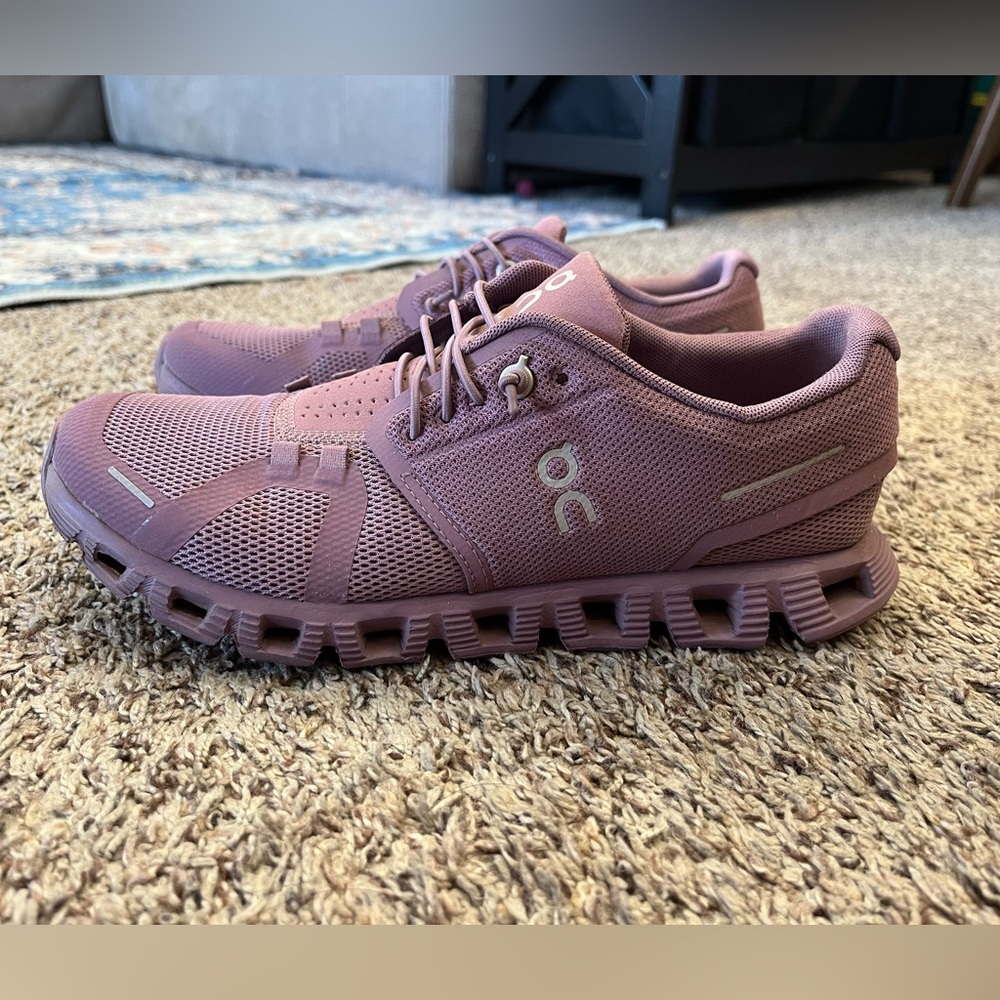 On Cloud Slip on Sneakers size 8 color fig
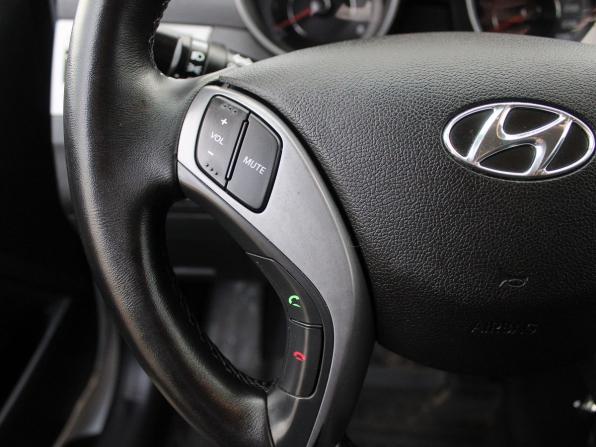 Hyundai Elantra V (MD) Рестайлинг с пробегом 2014 года, цена 1 099 000 рублей, 163693 км, седан, Автокод Объявления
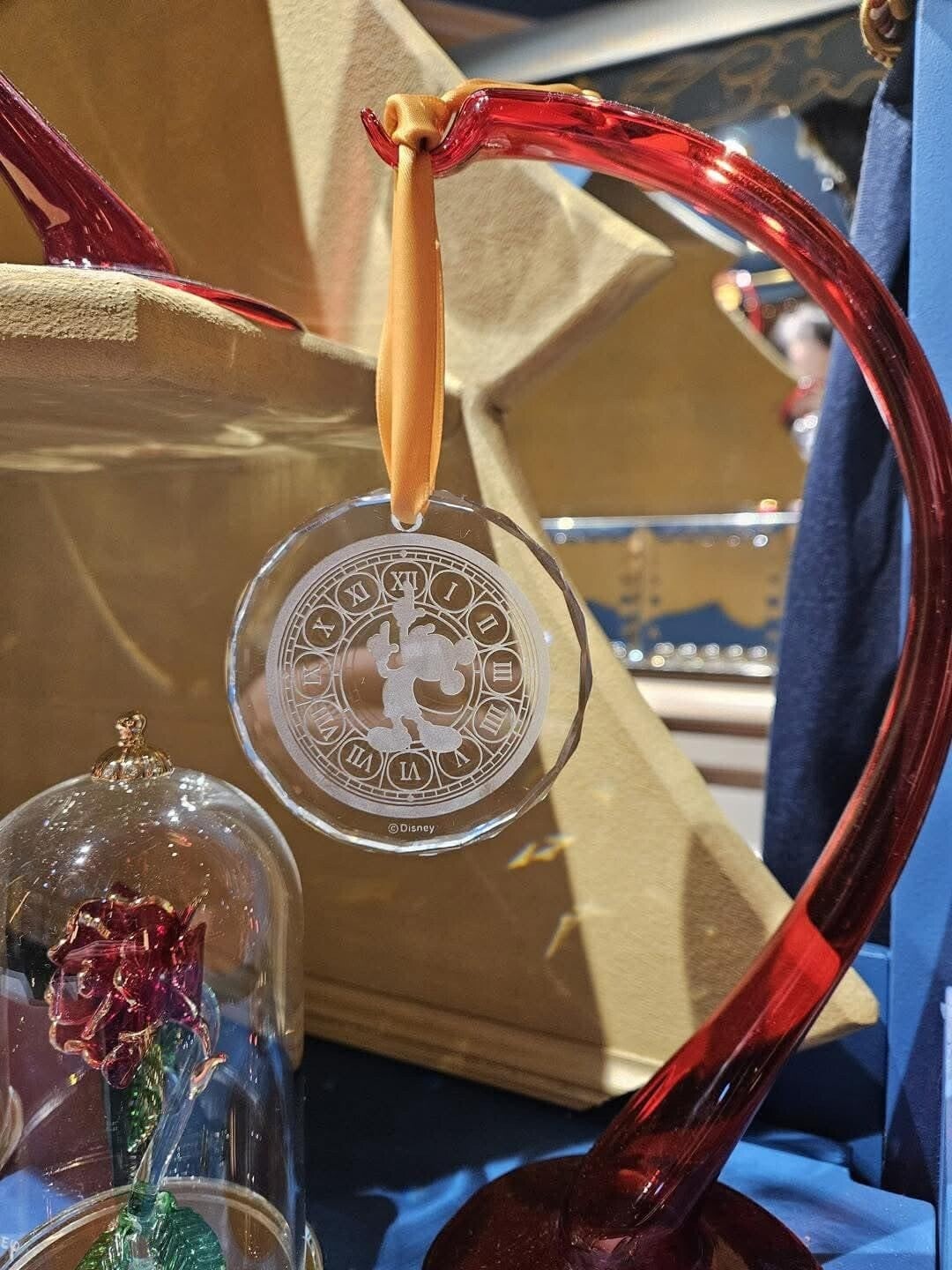 Arribas Disneyland Hotel coin ornament - Disneyland Paris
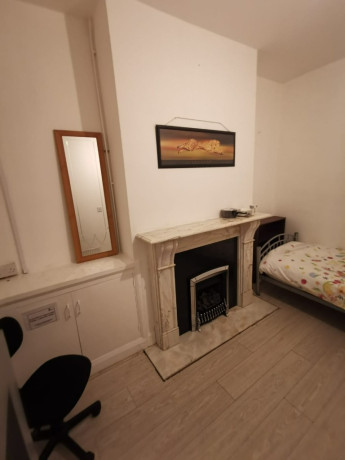 room-to-rent-in-shared-housechurch-street-b19all-dss-acceptedsee-description-big-2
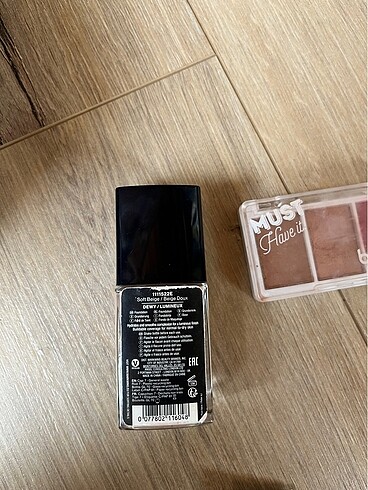 Wet n wild Wet N wild fondöten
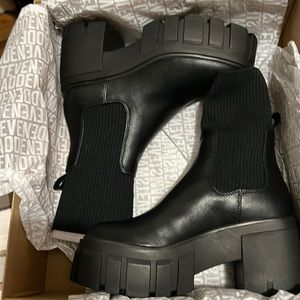 Steve Madden Limit Black Boots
------------------------------------------------
:: WHAT YOU WILL DO ::
In the records, the line containing "Arribas Disneyland Hotel" starts the span and the final line ends it. Output exactly that span, both ends included, with no pictures and nothing else.

:: WRITTEN SOLUTION ::
 Arribas Disneyland Hotel coin ornament - Disneyland Paris
 room-to-rent-in-shared-housechurch-street-b19all-dss-acceptedsee-description-big-2
 Wet n wild Wet N wild fondöten
 Steve Madden Limit Black Boots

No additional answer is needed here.